Acceptance and empowerment: a recurring theme often found today’s movies, tv shows, and music. A theme also found in the 1995 hit RomCom “Clueless” starring Alicia Silverstone, Stacey Dash, and Brittany Murphy. The plot revolves around Cher and Dionne, the ultimate superficial rich kids, and Tai, the stereotypical transfer student who has no idea what mascara is. But the storyline doesn’t end there, as the story moves along we watch all three young women grow, we watch them discover that being yourself is okay and making yourself over for a guy doesn’t necessarily mean happiness in the end. A message women of every generation– especially the generations to come, should keep in their hearts and heads.
We’re going to start with Cherilyn Horowitz, otherwise known as Cher. We’re first introduced to Cher in her environment, the mani-pedis, the big white jeep full of friends, and the rich father. From the get go most of the audience will assume that she’s a spoilt, materialistic brat. And that may be half true, but no matter how much of an airhead Cher may be, she sticks her ground throughout the movie. Cher is a special character, through the writing, and cinematography we step into Cher’s world and relate to her, and grow with her as she realizes Daddy’s money won’t get her the important things in life. As we explore Cher’s world, we meet the ‘bozo ex-stepbrother’ (yes those exist) Josh, who is the absolute opposite of Cher, but somehow helps her discover herself and in the end falls in love with her.
Of course, Cher’s journey to self discovery would not be possible without the help of Dionne and Tai. Dionne, Cher’s best girl friend, biggest critic, as well as her biggest supporter. And Tai, the naive new girl, also known as a prime example of “The Ugly Duckling.” Tai is the spark that causes Cher’s rise, downfall, and rise up once again by the end of the movie.

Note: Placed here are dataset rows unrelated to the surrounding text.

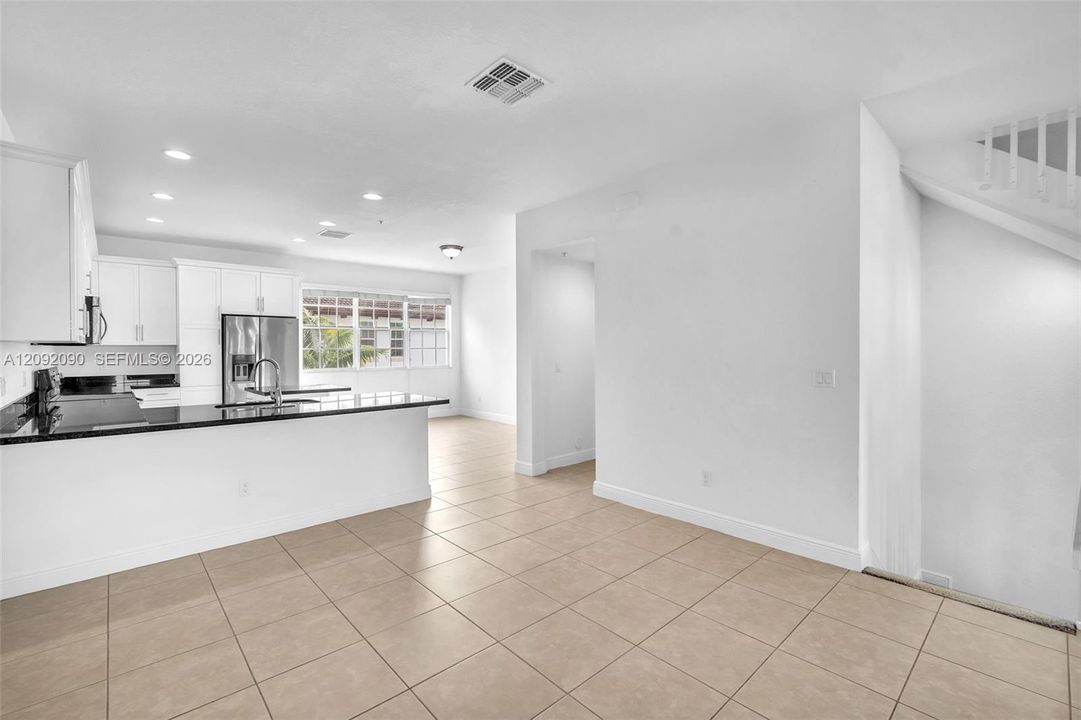 Kitchen featuring white shaker-style cabinetry, a stone countertop peninsula, stainless steel appliances, and tile flooring
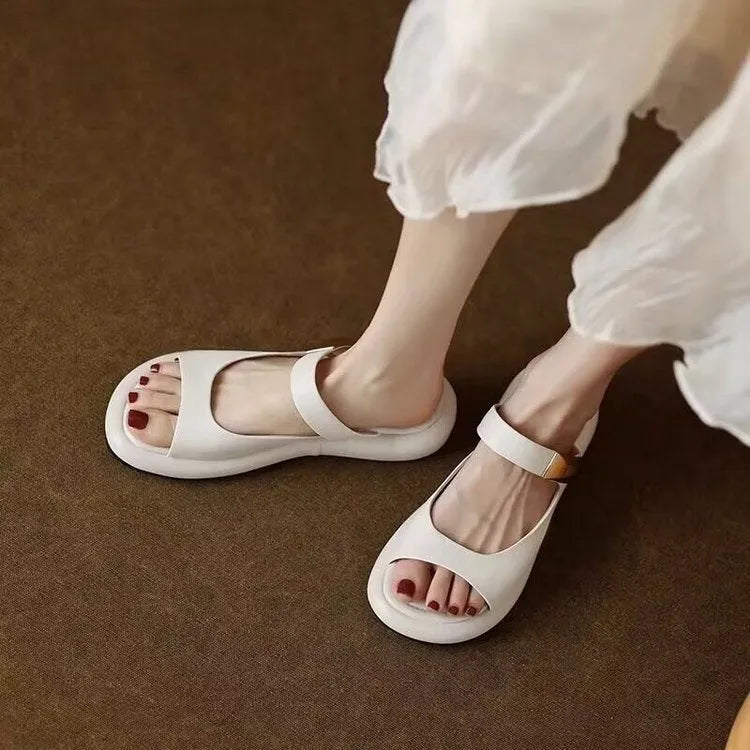 Apricot and white peep toe flat platform sandals with a French soft leather upper.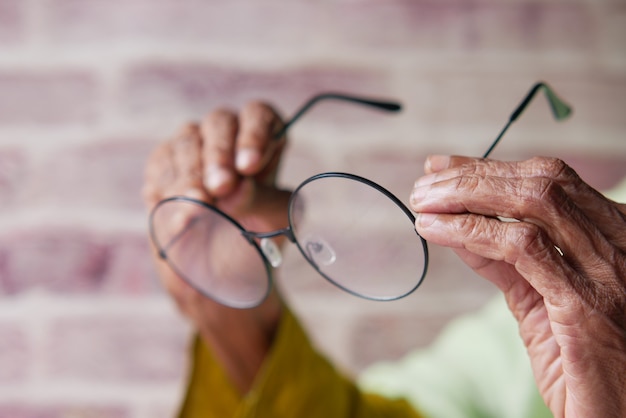 Close up of senior women hand holding old eyeglass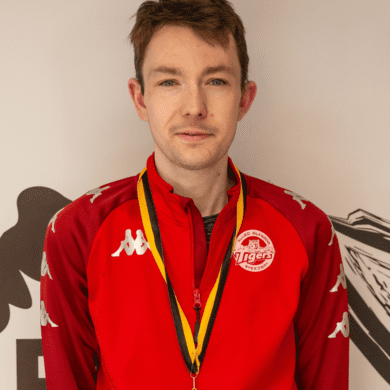 Paul wears a red jacket and is smiling at the camera. He also has a medal on a yellow and black lanyard around his neck.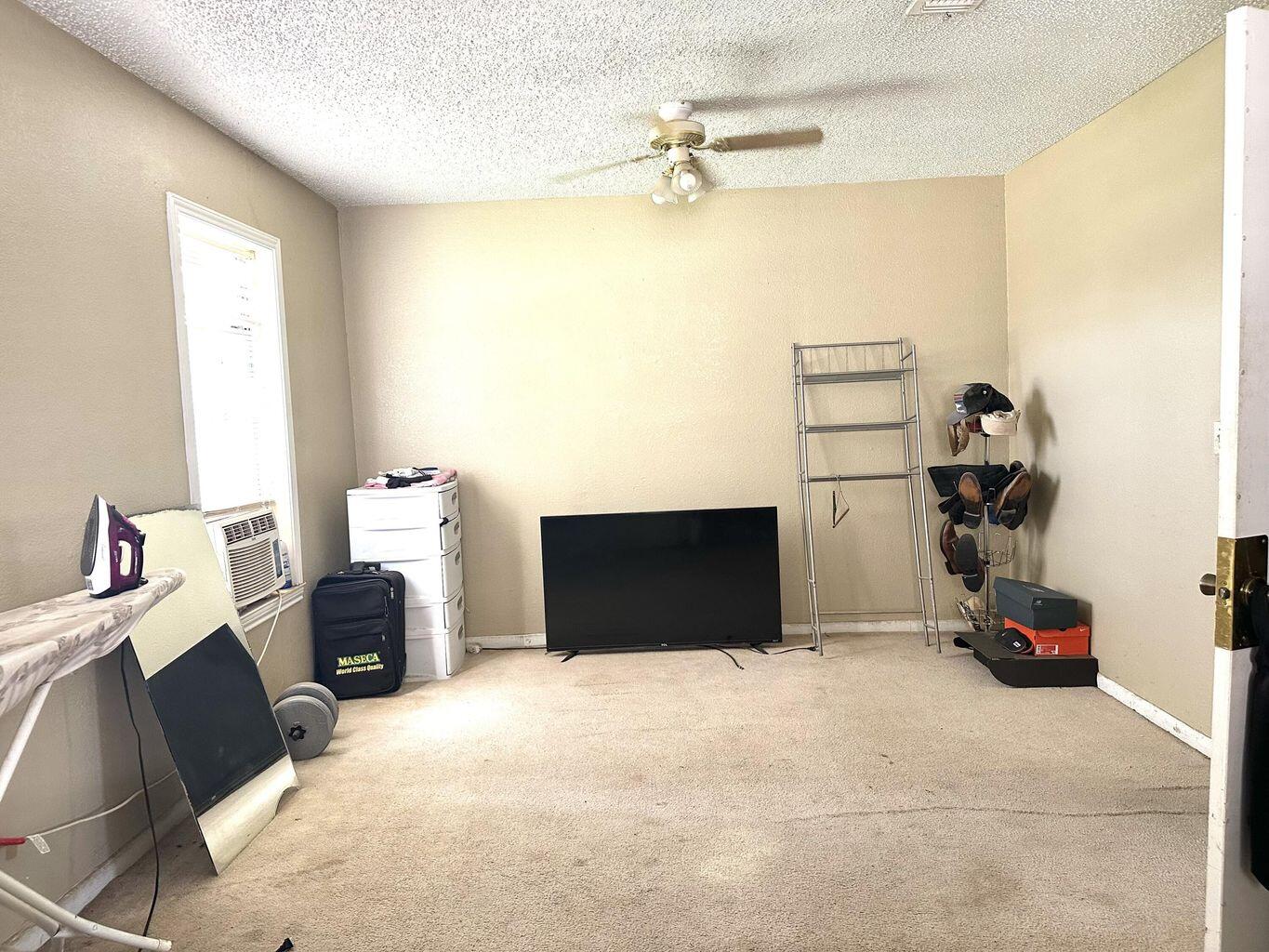 412 West 29th Plainview, TX 79072 - Photo 5 of 9 a bedroom with a bed and a chandelier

Tai becomes Cher’s guinea pig and completely transforms her from head to toe. Unfortunately this doesn’t turn out too well for Cher, considering Tai becomes the new Cher. But don’t fret, in the end this becomes Cher’s turning point, after she hits rock bottom of course.
At this point, Cher no longer has Tai to control, meaning she must take control of her life. And ‘DING’ the light goes off in her head. Cher realizes the way she ill treats people may just be one of the factors of her downfall, and maybe she should change her ways. We see Cher, come to the realization that lacking self-acceptance is doing nothing good for her. Changing Tai for the worst is not doing any good, and maybe… just maybe she should’ve let Tai live the way she wants to. I know one things for sure, when I reached the end of the movie I never wanted to experience whatever Cher did.
Moral of the story is, through Cher Horowitz’s struggles and journey partially shaped me into the feminist I am today. Cher Horowitz taught me I could be a bad ass, true to myself, and fabulous all at the same time.